[Start of Attachment]

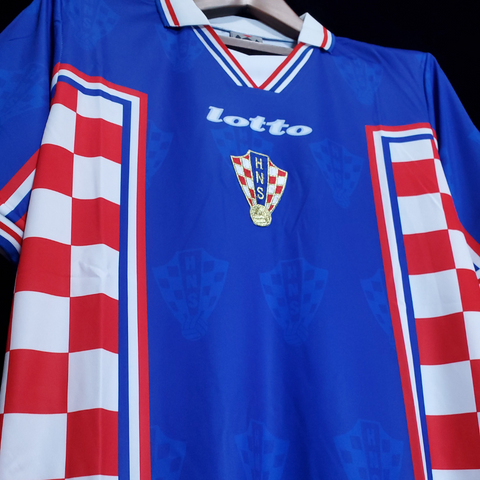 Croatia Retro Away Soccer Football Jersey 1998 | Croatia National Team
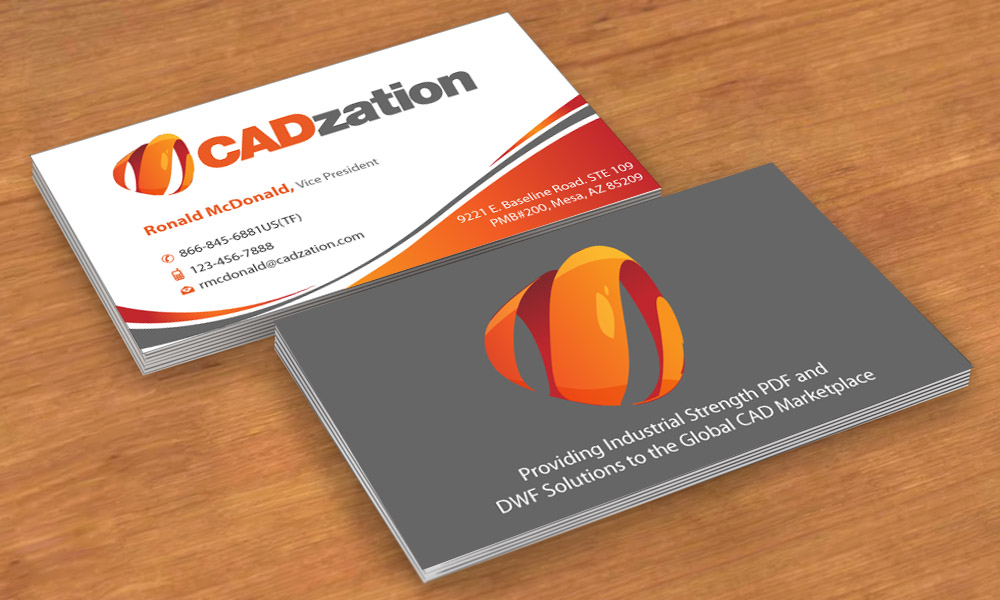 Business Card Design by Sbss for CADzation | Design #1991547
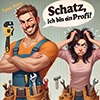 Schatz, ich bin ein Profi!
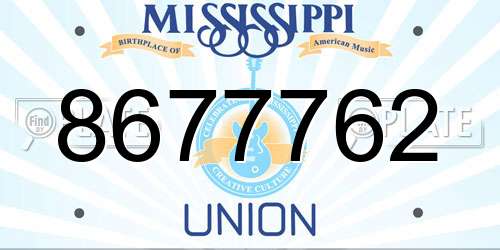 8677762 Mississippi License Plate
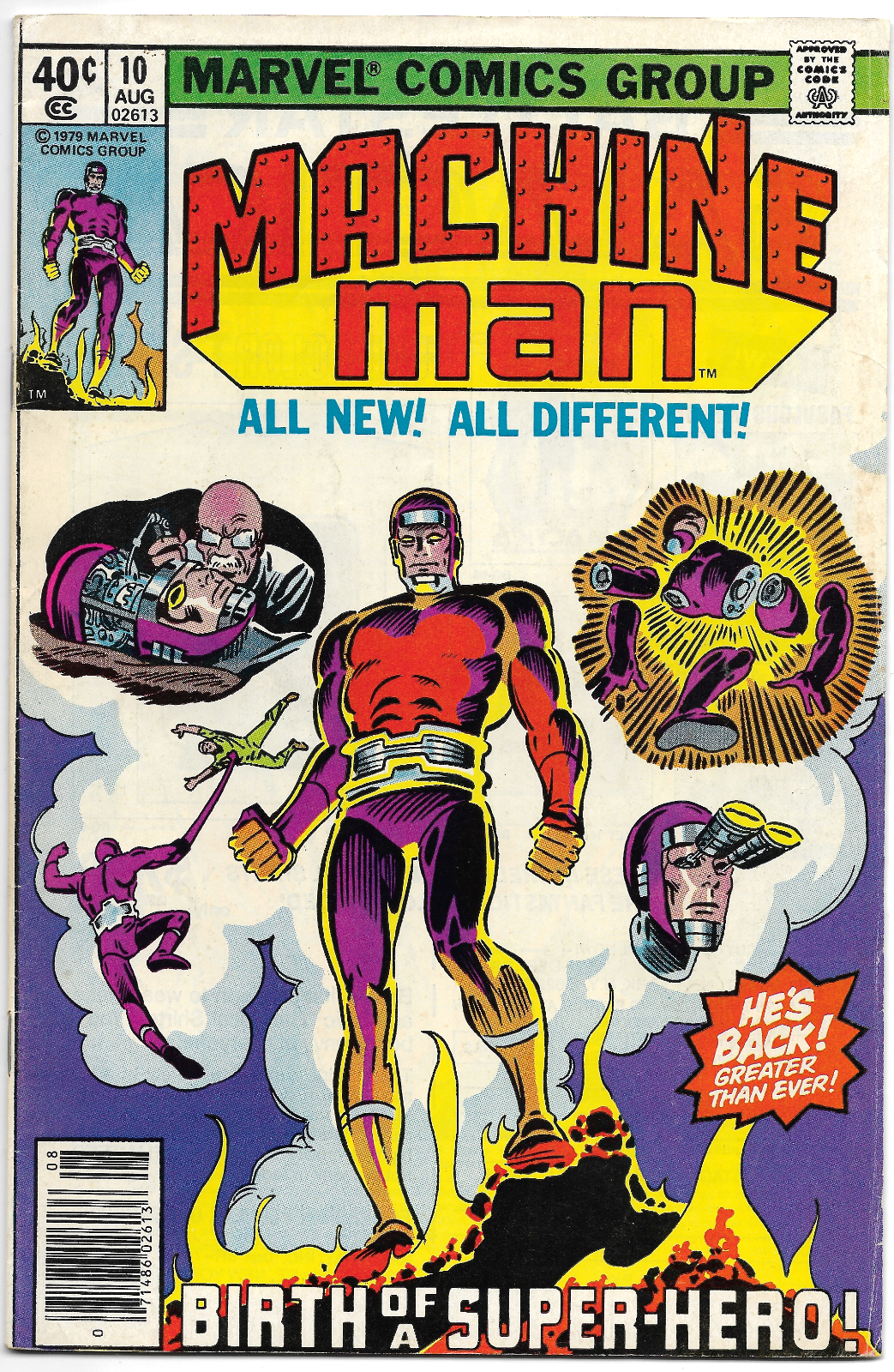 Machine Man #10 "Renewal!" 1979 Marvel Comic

[End of Attachment]

All that is needed is the lines from the line holding "8677762 Mississippi License Plate" to the final line of the listing above, repeated exactly, pictures excluded.

 8677762 Mississippi License Plate
 Machine Man #10 "Renewal!" 1979 Marvel Comic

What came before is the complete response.